Tyson Foods Inc. posted higher-than-expected second-quarter profit, as price increases helped offset weak beef sales, and expressed optimism about the full year.
The nation’s largest meat processor said it expects to gain momentum in the third and fourth quarters.
“We still think we have the potential for earnings per share of $2 (U.S.) for the year if we execute as planned,” Tyson Chief Executive Officer Donnie Smith said in a statement on Monday.
Tyson, which sells beef, chicken, pork and prepared foods, had earlier forecast a profit for fiscal 2012 of more than $2 per share, but tempered its view in February, saying profit would likely come in “around the $2 mark”.
“The fact that $2 is still in the picture and was highlighted by management in its written comments probably will be seen as a positive,” said JP Morgan analyst Ken Goldman.
Mr. Goldman added that Tyson’s beef segment, which posted an operating loss of only 0.1 per cent, was much better than many investors feared.
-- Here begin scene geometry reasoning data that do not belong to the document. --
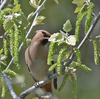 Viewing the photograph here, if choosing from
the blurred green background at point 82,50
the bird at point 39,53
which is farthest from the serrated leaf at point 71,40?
the blurred green background at point 82,50

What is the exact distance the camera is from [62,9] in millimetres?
7699

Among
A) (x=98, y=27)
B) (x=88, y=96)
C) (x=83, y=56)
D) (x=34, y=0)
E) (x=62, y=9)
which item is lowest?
(x=88, y=96)

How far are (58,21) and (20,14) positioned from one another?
235 inches

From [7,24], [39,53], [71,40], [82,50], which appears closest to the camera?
[7,24]

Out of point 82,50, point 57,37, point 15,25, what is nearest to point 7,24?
point 15,25

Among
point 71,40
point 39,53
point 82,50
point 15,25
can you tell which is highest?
point 15,25

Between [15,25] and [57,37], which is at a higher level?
[15,25]

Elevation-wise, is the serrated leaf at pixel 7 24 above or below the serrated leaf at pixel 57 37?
above

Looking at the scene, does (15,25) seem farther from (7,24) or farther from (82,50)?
(82,50)

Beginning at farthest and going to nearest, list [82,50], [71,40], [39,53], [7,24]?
[82,50], [39,53], [71,40], [7,24]

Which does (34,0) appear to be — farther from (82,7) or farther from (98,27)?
(98,27)

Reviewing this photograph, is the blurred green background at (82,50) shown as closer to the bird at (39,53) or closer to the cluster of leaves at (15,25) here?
the bird at (39,53)

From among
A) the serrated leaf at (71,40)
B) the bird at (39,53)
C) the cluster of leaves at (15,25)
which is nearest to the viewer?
the cluster of leaves at (15,25)

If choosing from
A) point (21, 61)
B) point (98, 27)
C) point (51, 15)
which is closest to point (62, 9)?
point (51, 15) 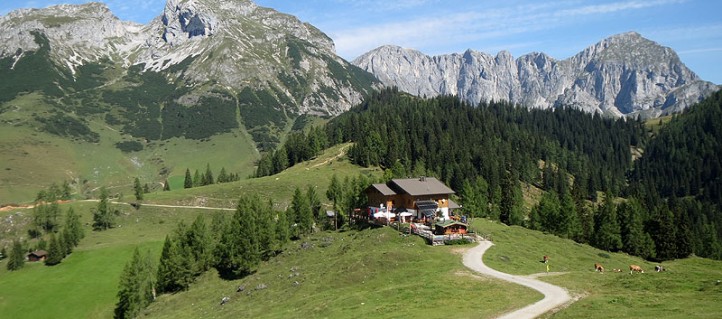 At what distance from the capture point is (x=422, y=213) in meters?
90.2

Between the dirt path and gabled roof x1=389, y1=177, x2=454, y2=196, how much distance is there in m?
23.6

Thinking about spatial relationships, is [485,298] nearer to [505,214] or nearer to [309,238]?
[309,238]

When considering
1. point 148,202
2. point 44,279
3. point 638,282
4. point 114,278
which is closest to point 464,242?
point 638,282

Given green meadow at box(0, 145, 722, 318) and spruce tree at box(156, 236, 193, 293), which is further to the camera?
spruce tree at box(156, 236, 193, 293)

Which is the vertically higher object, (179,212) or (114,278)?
(179,212)

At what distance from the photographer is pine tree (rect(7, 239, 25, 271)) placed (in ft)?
378

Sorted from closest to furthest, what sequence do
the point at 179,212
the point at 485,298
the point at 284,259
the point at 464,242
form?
the point at 485,298
the point at 464,242
the point at 284,259
the point at 179,212

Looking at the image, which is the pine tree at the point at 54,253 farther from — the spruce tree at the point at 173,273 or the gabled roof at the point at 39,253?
the spruce tree at the point at 173,273

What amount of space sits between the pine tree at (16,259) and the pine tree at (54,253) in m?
5.72

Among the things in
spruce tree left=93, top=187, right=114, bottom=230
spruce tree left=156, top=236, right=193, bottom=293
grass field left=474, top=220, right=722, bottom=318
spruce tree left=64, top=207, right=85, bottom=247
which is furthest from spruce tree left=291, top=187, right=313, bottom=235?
spruce tree left=93, top=187, right=114, bottom=230

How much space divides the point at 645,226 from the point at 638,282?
67.9 meters

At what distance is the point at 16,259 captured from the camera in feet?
379

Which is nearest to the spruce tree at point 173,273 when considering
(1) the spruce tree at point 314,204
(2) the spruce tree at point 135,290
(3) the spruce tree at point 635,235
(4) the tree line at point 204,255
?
(4) the tree line at point 204,255

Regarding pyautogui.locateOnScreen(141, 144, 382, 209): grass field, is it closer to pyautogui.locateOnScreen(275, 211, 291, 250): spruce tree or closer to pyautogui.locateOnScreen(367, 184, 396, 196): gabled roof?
pyautogui.locateOnScreen(367, 184, 396, 196): gabled roof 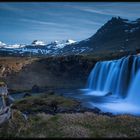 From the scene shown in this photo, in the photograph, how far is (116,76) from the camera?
75438 millimetres

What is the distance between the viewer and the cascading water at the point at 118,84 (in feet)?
182

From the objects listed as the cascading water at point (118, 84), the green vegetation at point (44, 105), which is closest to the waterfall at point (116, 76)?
the cascading water at point (118, 84)

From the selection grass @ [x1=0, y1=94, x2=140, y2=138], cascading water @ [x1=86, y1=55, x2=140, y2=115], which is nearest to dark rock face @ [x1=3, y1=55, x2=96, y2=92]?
cascading water @ [x1=86, y1=55, x2=140, y2=115]

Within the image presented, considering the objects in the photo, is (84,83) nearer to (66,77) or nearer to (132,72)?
(66,77)

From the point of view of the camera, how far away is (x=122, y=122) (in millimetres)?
22484

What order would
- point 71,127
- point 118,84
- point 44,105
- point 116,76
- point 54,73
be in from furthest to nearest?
1. point 54,73
2. point 116,76
3. point 118,84
4. point 44,105
5. point 71,127

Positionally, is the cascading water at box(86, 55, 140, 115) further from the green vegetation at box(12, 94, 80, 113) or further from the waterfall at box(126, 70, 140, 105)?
the green vegetation at box(12, 94, 80, 113)

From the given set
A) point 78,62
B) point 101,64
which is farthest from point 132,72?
point 78,62

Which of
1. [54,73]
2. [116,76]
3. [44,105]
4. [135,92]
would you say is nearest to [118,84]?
[116,76]

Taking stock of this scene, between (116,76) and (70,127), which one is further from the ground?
(116,76)

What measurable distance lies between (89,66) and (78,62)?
19.6ft

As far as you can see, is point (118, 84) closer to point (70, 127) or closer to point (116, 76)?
point (116, 76)

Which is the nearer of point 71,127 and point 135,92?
point 71,127

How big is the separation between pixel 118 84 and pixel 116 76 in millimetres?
4329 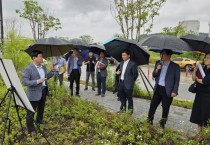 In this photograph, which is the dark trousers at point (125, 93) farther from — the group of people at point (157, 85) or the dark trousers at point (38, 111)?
the dark trousers at point (38, 111)

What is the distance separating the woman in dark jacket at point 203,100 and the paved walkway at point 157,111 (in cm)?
64

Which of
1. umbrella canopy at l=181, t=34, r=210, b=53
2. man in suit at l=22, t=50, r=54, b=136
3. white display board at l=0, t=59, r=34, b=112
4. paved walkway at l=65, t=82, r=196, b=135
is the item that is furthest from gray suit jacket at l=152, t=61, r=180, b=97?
white display board at l=0, t=59, r=34, b=112

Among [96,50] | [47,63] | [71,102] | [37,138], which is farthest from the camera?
[47,63]

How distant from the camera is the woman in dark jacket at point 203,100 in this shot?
377 centimetres

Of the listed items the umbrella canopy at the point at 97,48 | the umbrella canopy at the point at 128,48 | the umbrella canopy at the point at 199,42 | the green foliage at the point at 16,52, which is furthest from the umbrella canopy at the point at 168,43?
the green foliage at the point at 16,52

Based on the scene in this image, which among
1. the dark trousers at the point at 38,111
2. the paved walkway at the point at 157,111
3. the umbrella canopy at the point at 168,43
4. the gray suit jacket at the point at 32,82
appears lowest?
the paved walkway at the point at 157,111

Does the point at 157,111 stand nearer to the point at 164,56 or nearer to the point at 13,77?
the point at 164,56

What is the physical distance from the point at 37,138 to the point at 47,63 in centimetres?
575

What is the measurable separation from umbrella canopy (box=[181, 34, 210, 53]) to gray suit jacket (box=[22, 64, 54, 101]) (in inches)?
111

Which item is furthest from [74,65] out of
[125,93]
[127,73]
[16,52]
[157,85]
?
[157,85]

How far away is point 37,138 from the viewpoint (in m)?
4.15

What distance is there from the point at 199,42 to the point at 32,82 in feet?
9.90

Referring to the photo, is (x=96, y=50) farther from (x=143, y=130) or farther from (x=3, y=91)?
(x=143, y=130)

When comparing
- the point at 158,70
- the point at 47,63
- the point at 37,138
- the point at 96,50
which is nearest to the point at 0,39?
the point at 47,63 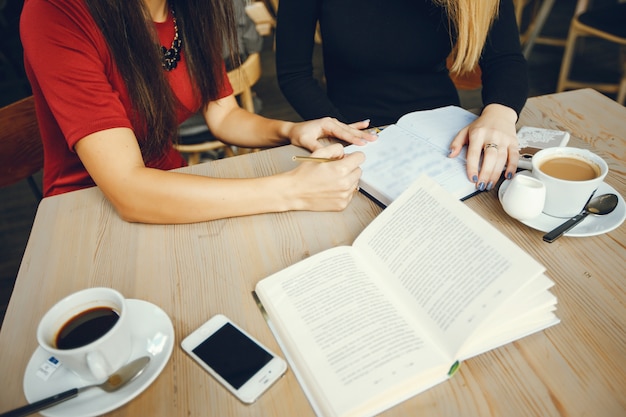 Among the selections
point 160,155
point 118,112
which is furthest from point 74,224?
point 160,155

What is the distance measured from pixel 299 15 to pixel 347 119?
0.33 m

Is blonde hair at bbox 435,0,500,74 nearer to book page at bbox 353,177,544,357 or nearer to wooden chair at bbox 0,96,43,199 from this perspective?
book page at bbox 353,177,544,357

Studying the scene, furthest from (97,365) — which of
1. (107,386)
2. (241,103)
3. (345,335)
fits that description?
(241,103)

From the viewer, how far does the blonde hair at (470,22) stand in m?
1.04

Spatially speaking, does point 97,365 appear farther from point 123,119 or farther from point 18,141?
point 18,141

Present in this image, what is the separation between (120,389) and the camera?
20.8 inches

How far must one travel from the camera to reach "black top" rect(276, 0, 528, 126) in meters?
1.18

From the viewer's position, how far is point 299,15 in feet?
3.91

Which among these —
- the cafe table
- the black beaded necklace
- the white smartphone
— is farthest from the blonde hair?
the white smartphone

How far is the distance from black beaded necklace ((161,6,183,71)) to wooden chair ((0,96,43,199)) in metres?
0.35

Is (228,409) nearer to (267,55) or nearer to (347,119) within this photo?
(347,119)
The U.S. beef industry suffered a blow earlier this year after a wave of unflattering press reports about a ground beef filler critics called “pink slime.”
Tyson said that weakened demand for beef products made it difficult to pass on higher commodity costs.
Then last month, the United States reported its first case of mad cow disease in six years, raising alarms that demand would drop off. But major export markets for U.S. beef, from Canada to Japan, stayed open.
The company said it expects industrywide domestic production of chicken, beef, pork and turkey to decrease about 4 per cent this year, which should continue to support better pricing.
In the second quarter, ended on March 31, overall volume fell 4.3 percent, pulled down by a 10.7 percent drop in the beef segment.
Tyson’s net income was $166-million, or 44 cents per share, in the quarter, up from $159-million, or 42 cents per share, a year earlier.
Analysts on average were expecting 39 cents per share, according to Thomson Reuters I/B/E/S.
Sales rose to $8.27-billion from $8-billion, missing analysts’ estimate of $8.49-billion.